What should be copied is the stretch of entries below from the line with "2020 Yellowfin center console" up to and including the line with "2022 Nissan Sentra SR photo 1", exactly and without images.
[Given data — start]
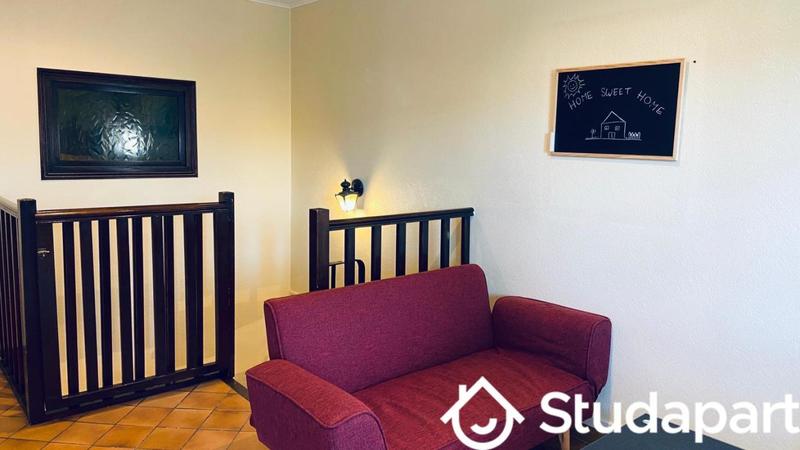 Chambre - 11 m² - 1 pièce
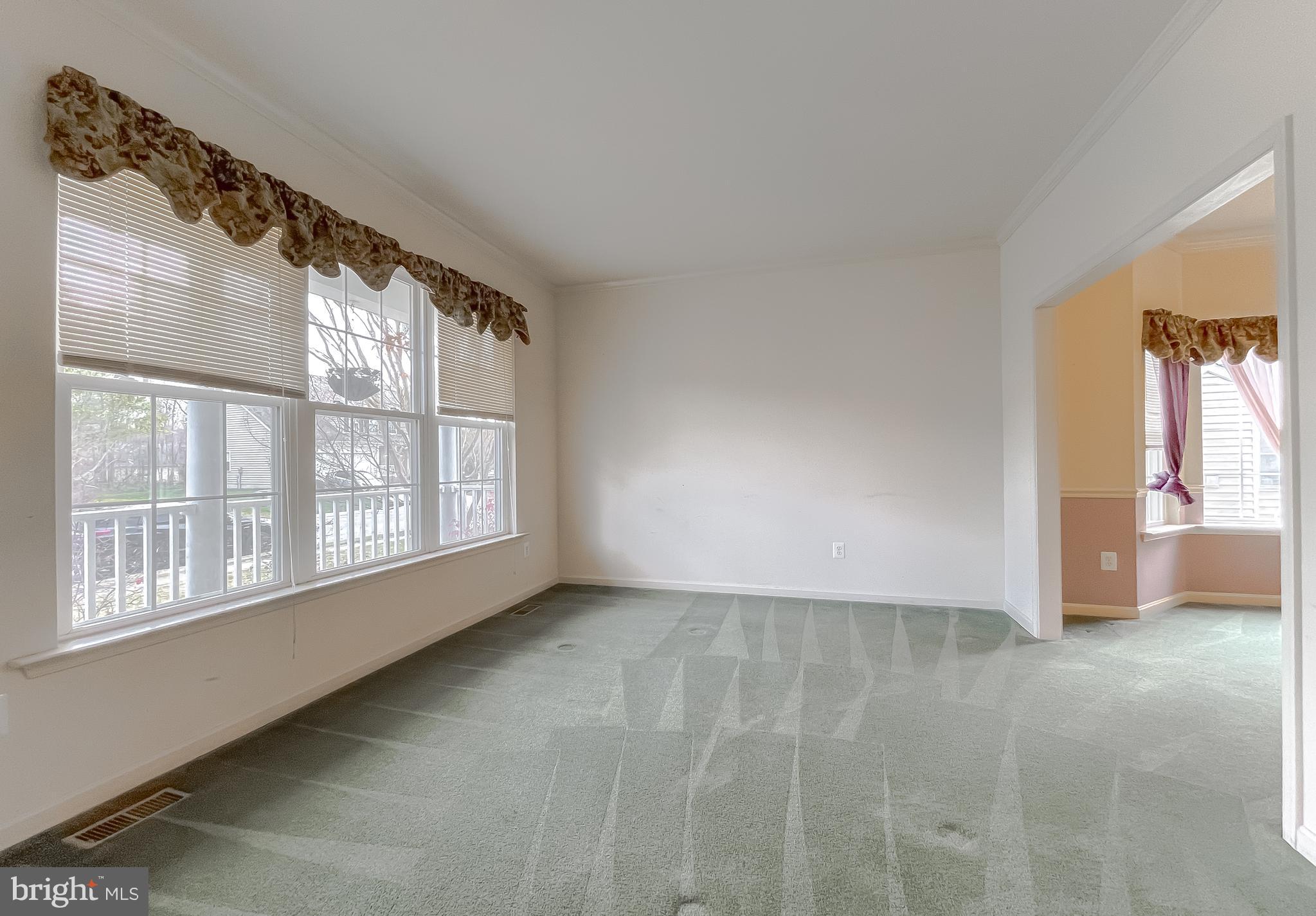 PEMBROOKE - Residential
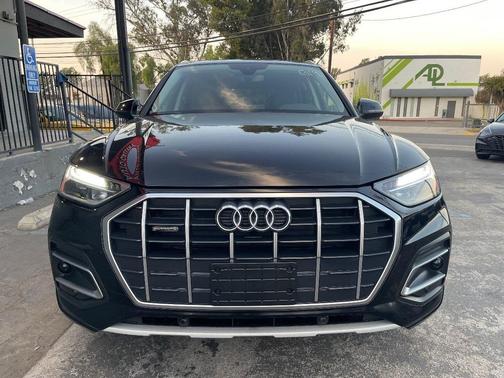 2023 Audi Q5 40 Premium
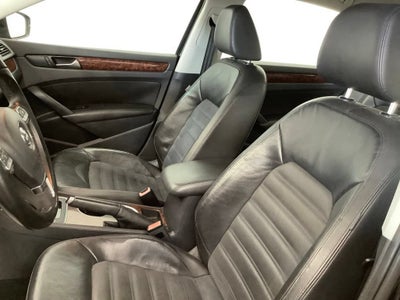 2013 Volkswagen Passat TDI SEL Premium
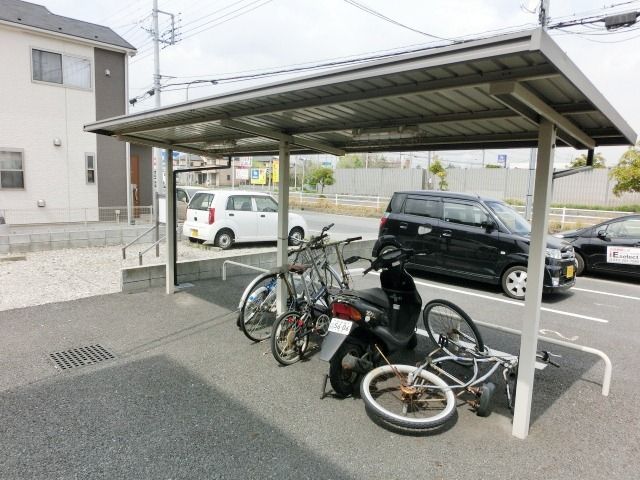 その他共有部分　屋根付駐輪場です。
[Given data — finish]
[Given data — start]
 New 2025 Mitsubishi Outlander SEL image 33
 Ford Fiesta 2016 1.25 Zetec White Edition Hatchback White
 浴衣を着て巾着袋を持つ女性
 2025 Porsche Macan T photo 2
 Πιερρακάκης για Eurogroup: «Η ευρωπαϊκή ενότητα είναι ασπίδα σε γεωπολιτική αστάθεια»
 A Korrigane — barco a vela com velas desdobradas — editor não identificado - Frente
[Given data — finish]
[Given data — start]
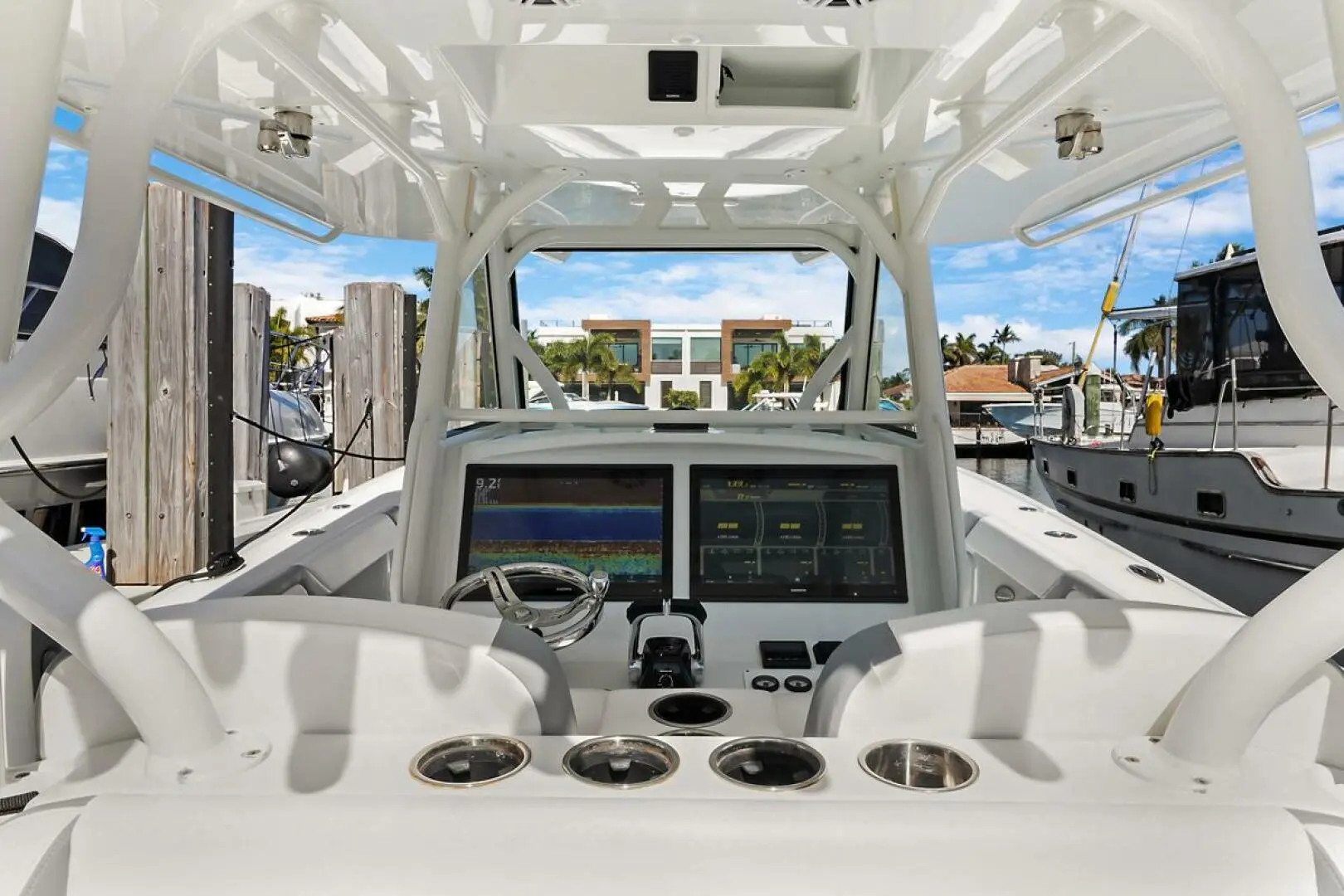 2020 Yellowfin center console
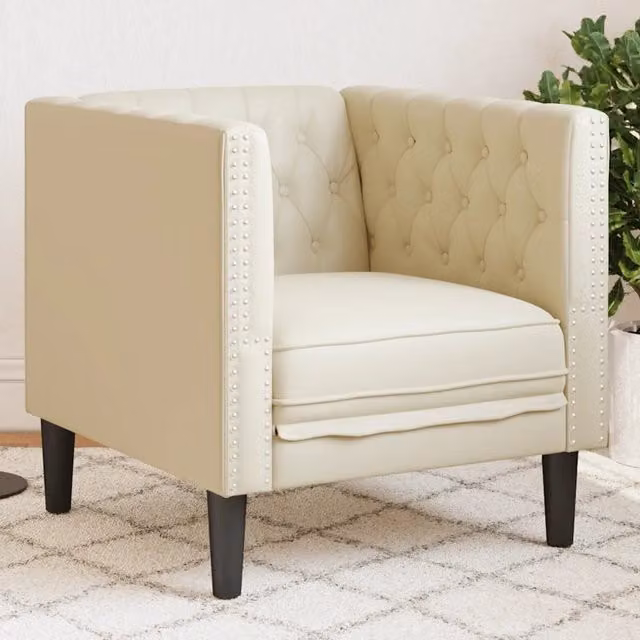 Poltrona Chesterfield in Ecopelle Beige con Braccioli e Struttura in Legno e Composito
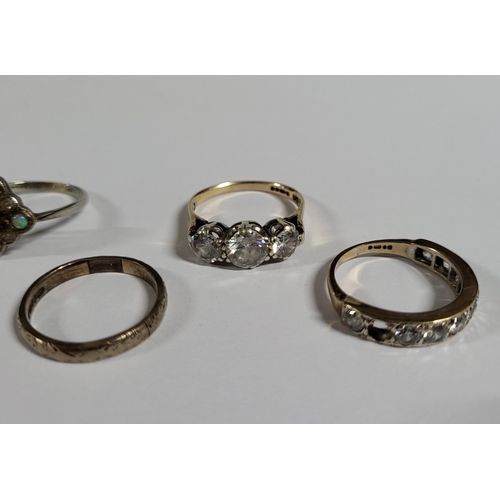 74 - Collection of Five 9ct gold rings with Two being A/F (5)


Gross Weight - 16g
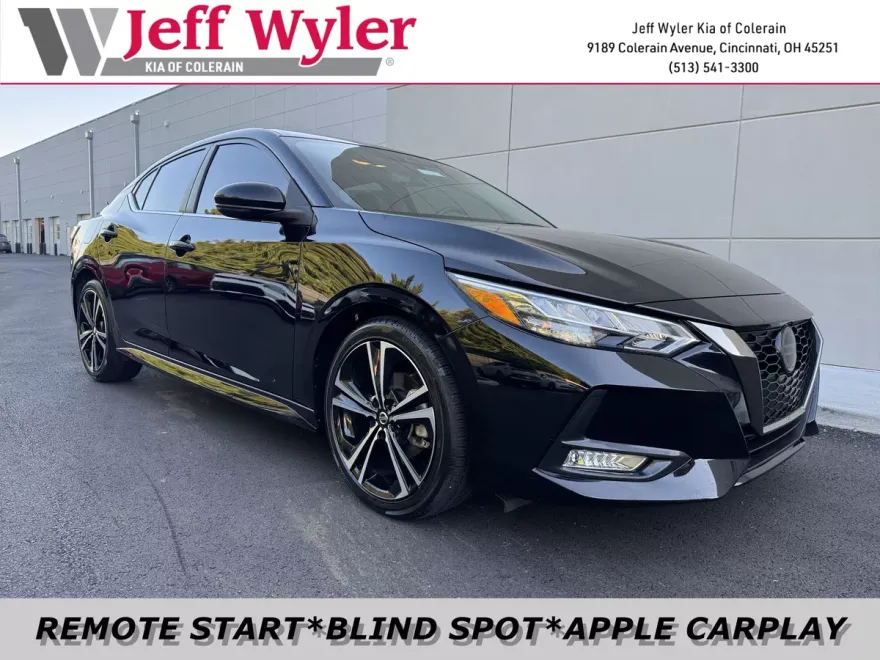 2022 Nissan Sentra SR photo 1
[Given data — finish]
* [Reply to the task]
 2020 Yellowfin center console
 Poltrona Chesterfield in Ecopelle Beige con Braccioli e Struttura in Legno e Composito
 74 - Collection of Five 9ct gold rings with Two being A/F (5)


Gross Weight - 16g
 2022 Nissan Sentra SR photo 1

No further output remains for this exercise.